How to complete this task »
Could you print each entry below verbatim while omitting the pictures?

##### Input material #####

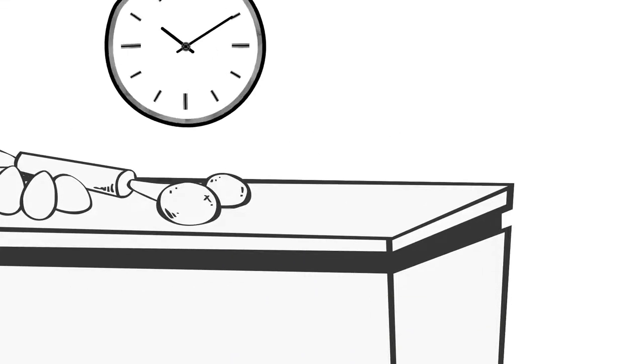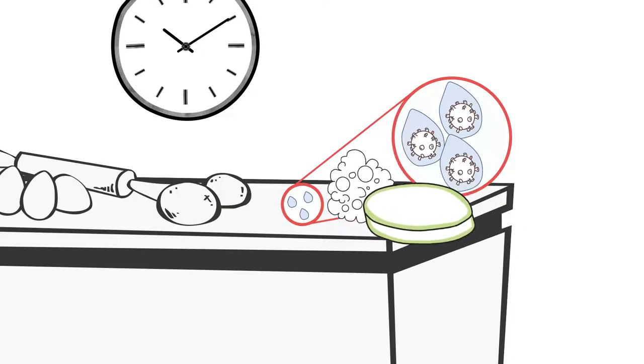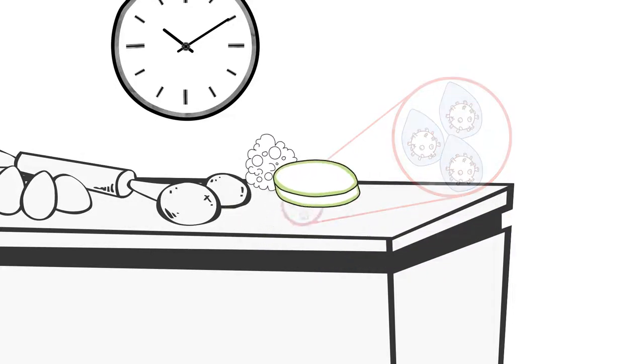After four hours of use, clean and sanitize as well — within four hours, foodborne bacteria can multiply exponentially. Always clean and sanitize surfaces anytime you think that food contact surfaces have become contaminated.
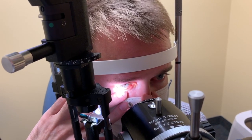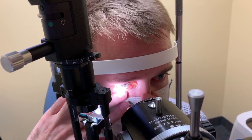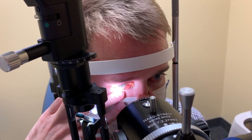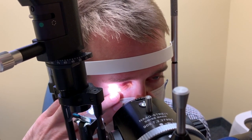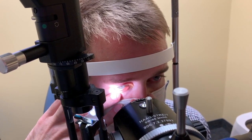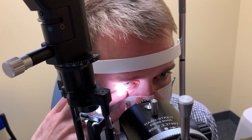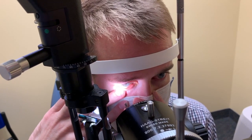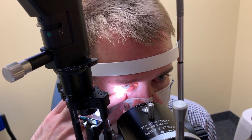You can use a cream to achieve some numbing effect, however you have to wait for the cream to work for several minutes before you can do anything, and even then the sensation will not be completely gone. Most of my patients I have only used proparacaine drops.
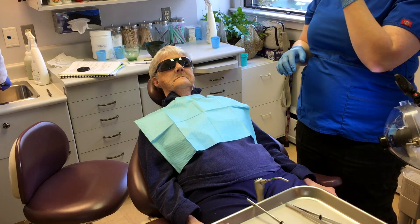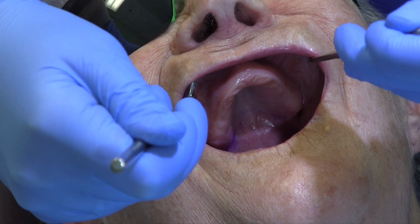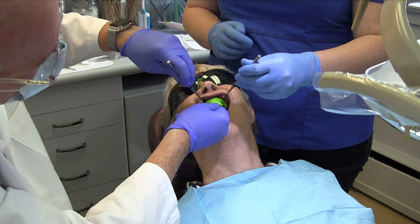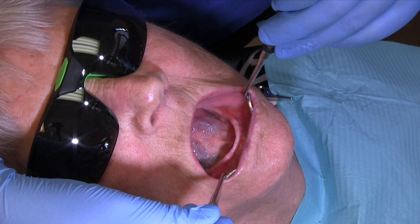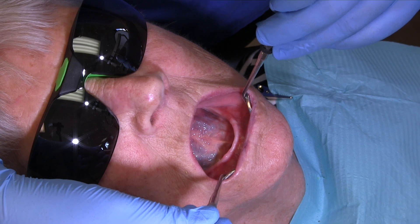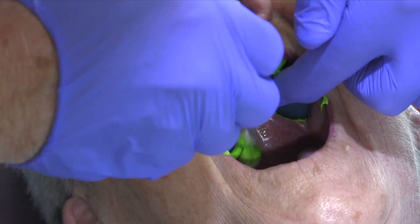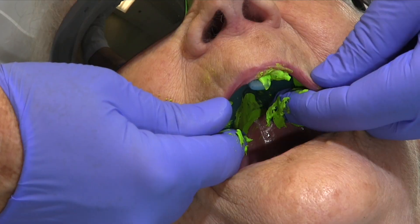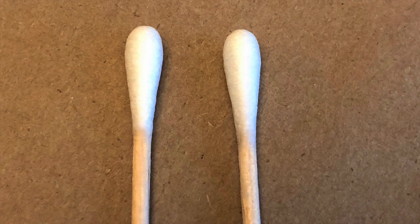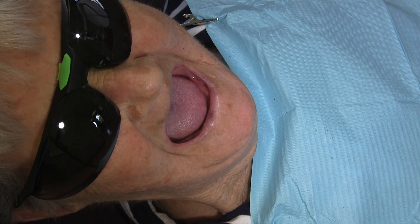Place the patient in a supine or reclined position, which makes visibility easier with the added benefit of being more ergonomically comfortable for the operator. If the patient is fully supine, the tongue will naturally fall to the back of the oral cavity, blocking access to excess impression material at the back of the tray. The vast majority of patients do not have a problem with gagging using this technique. Place a couple of cotton tip applicators on the operator's tray for use during the impression. Instruct the patient to relax their lips and cheeks.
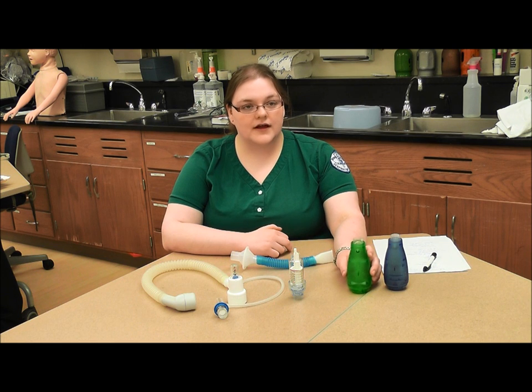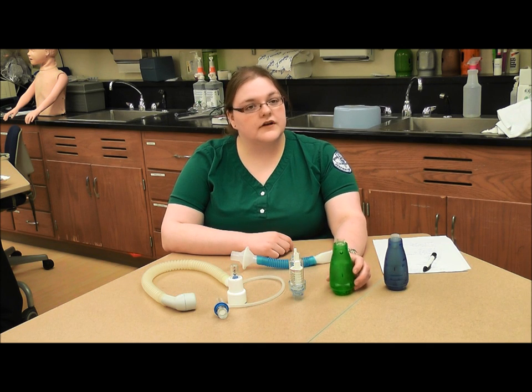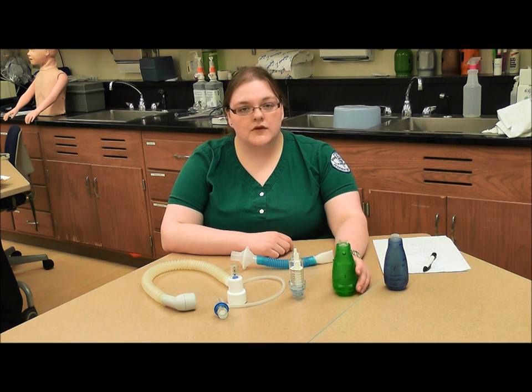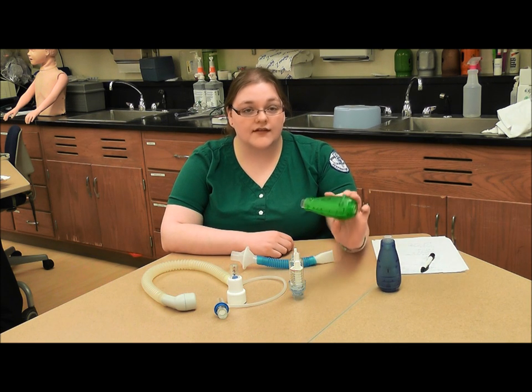Here we have two different acapella devices. They are modernized versions of the flutter valve. The green one is intended for people with normal lung function, and the blue one is indicated for people with COPD. Sometimes in the hospital, you'll hear the workers, or maybe even the patients, refer to these as pickles.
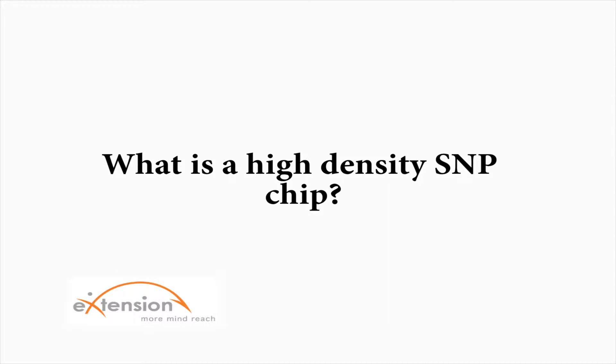What is a high-density SNP chip? A high-density SNP chip is a genotyping product that lets us collect information for a large number of places within the genome. For example, the 50k or 50,000 SNP chip available on the market would be an example of a high-density SNP chip. We also have a 700,000 or 700k genotyping chip available in the industry.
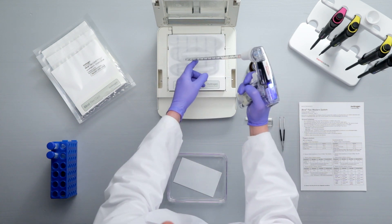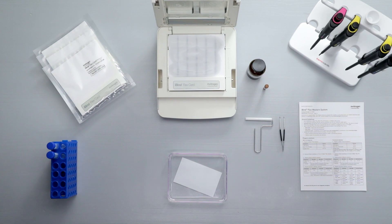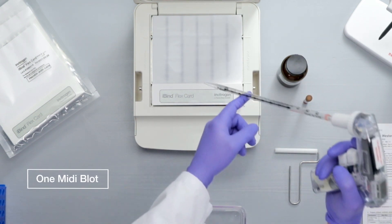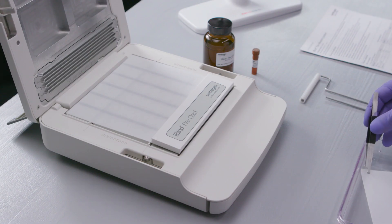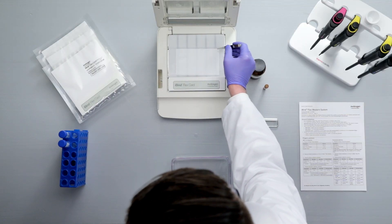Once wet, alignment guides will show through the card. Use them to ensure proper alignment of mini blots or vertically cut strips with their respective wells. To process a midi blot, make sure the midi well insert is installed. Then add an additional 2 milliliters of 1X iBind solution to the card, allowing it to pool. Place your blot protein side down across the membrane region indicated on the device, with low molecular weight bands closest to the stack.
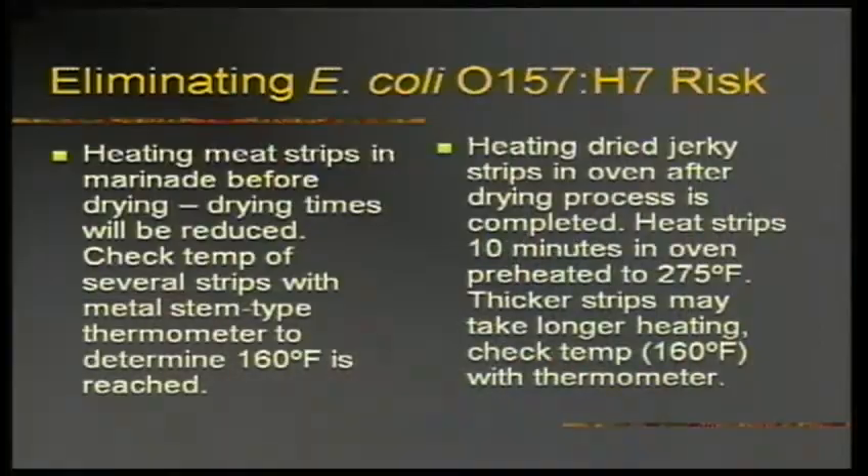People think you can put jerky on the shelf forever — you can't. You've got a couple of weeks, then you have to freeze it, because its moisture content is higher and it's a protein food. The jerky you see in the store on the shelf for a long time is vacuum sealed under sterile conditions — that's aseptic storage, which is why that works.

#####

Your solution »
After four hours of use, clean and sanitize as well — within four hours, foodborne bacteria can multiply exponentially. Always clean and sanitize surfaces anytime you think that food contact surfaces have become contaminated.
You can use a cream to achieve some numbing effect, however you have to wait for the cream to work for several minutes before you can do anything, and even then the sensation will not be completely gone. Most of my patients I have only used proparacaine drops.
Place the patient in a supine or reclined position, which makes visibility easier with the added benefit of being more ergonomically comfortable for the operator. If the patient is fully supine, the tongue will naturally fall to the back of the oral cavity, blocking access to excess impression material at the back of the tray. The vast majority of patients do not have a problem with gagging using this technique. Place a couple of cotton tip applicators on the operator's tray for use during the impression. Instruct the patient to relax their lips and cheeks.
Here we have two different acapella devices. They are modernized versions of the flutter valve. The green one is intended for people with normal lung function, and the blue one is indicated for people with COPD. Sometimes in the hospital, you'll hear the workers, or maybe even the patients, refer to these as pickles.
What is a high-density SNP chip? A high-density SNP chip is a genotyping product that lets us collect information for a large number of places within the genome. For example, the 50k or 50,000 SNP chip available on the market would be an example of a high-density SNP chip. We also have a 700,000 or 700k genotyping chip available in the industry.
Once wet, alignment guides will show through the card. Use them to ensure proper alignment of mini blots or vertically cut strips with their respective wells. To process a midi blot, make sure the midi well insert is installed. Then add an additional 2 milliliters of 1X iBind solution to the card, allowing it to pool. Place your blot protein side down across the membrane region indicated on the device, with low molecular weight bands closest to the stack.
People think you can put jerky on the shelf forever — you can't. You've got a couple of weeks, then you have to freeze it, because its moisture content is higher and it's a protein food. The jerky you see in the store on the shelf for a long time is vacuum sealed under sterile conditions — that's aseptic storage, which is why that works.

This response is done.